PROBLEM: Starting with the first line of the data that follows, transcribe every line verbatim until the line containing "Shower Glass Screen" has been transcribed.

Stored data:

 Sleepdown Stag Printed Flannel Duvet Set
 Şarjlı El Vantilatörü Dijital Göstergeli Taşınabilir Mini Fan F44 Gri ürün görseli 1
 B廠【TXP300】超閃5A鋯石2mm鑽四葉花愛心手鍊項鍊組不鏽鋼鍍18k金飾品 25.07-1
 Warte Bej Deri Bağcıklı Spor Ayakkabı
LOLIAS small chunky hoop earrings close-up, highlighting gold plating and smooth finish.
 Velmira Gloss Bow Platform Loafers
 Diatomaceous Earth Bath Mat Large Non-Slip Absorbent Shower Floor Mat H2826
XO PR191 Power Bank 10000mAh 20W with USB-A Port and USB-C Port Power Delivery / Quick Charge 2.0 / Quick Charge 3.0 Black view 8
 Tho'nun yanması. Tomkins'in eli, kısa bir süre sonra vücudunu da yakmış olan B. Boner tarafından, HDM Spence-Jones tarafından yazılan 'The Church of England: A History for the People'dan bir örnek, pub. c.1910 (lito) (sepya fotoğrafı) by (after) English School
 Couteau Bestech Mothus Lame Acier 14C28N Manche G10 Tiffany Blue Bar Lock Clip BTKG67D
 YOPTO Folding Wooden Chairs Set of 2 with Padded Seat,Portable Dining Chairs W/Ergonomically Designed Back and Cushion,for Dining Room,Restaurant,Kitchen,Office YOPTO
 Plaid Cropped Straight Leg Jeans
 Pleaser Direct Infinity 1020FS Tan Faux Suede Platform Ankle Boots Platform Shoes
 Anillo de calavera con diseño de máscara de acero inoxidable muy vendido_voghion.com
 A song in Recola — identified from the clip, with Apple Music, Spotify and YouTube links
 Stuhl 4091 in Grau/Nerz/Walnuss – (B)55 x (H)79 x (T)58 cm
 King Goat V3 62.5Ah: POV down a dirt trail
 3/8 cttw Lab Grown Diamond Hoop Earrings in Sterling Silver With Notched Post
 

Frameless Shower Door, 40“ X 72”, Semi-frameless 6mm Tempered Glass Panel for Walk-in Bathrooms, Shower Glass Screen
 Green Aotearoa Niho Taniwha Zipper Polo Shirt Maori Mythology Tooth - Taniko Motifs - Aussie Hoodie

TASK ANSWER:
 Sleepdown Stag Printed Flannel Duvet Set
 Şarjlı El Vantilatörü Dijital Göstergeli Taşınabilir Mini Fan F44 Gri ürün görseli 1
 B廠【TXP300】超閃5A鋯石2mm鑽四葉花愛心手鍊項鍊組不鏽鋼鍍18k金飾品 25.07-1
 Warte Bej Deri Bağcıklı Spor Ayakkabı
LOLIAS small chunky hoop earrings close-up, highlighting gold plating and smooth finish.
 Velmira Gloss Bow Platform Loafers
 Diatomaceous Earth Bath Mat Large Non-Slip Absorbent Shower Floor Mat H2826
XO PR191 Power Bank 10000mAh 20W with USB-A Port and USB-C Port Power Delivery / Quick Charge 2.0 / Quick Charge 3.0 Black view 8
 Tho'nun yanması. Tomkins'in eli, kısa bir süre sonra vücudunu da yakmış olan B. Boner tarafından, HDM Spence-Jones tarafından yazılan 'The Church of England: A History for the People'dan bir örnek, pub. c.1910 (lito) (sepya fotoğrafı) by (after) English School
 Couteau Bestech Mothus Lame Acier 14C28N Manche G10 Tiffany Blue Bar Lock Clip BTKG67D
 YOPTO Folding Wooden Chairs Set of 2 with Padded Seat,Portable Dining Chairs W/Ergonomically Designed Back and Cushion,for Dining Room,Restaurant,Kitchen,Office YOPTO
 Plaid Cropped Straight Leg Jeans
 Pleaser Direct Infinity 1020FS Tan Faux Suede Platform Ankle Boots Platform Shoes
 Anillo de calavera con diseño de máscara de acero inoxidable muy vendido_voghion.com
 A song in Recola — identified from the clip, with Apple Music, Spotify and YouTube links
 Stuhl 4091 in Grau/Nerz/Walnuss – (B)55 x (H)79 x (T)58 cm
 King Goat V3 62.5Ah: POV down a dirt trail
 3/8 cttw Lab Grown Diamond Hoop Earrings in Sterling Silver With Notched Post
 

Frameless Shower Door, 40“ X 72”, Semi-frameless 6mm Tempered Glass Panel for Walk-in Bathrooms, Shower Glass Screen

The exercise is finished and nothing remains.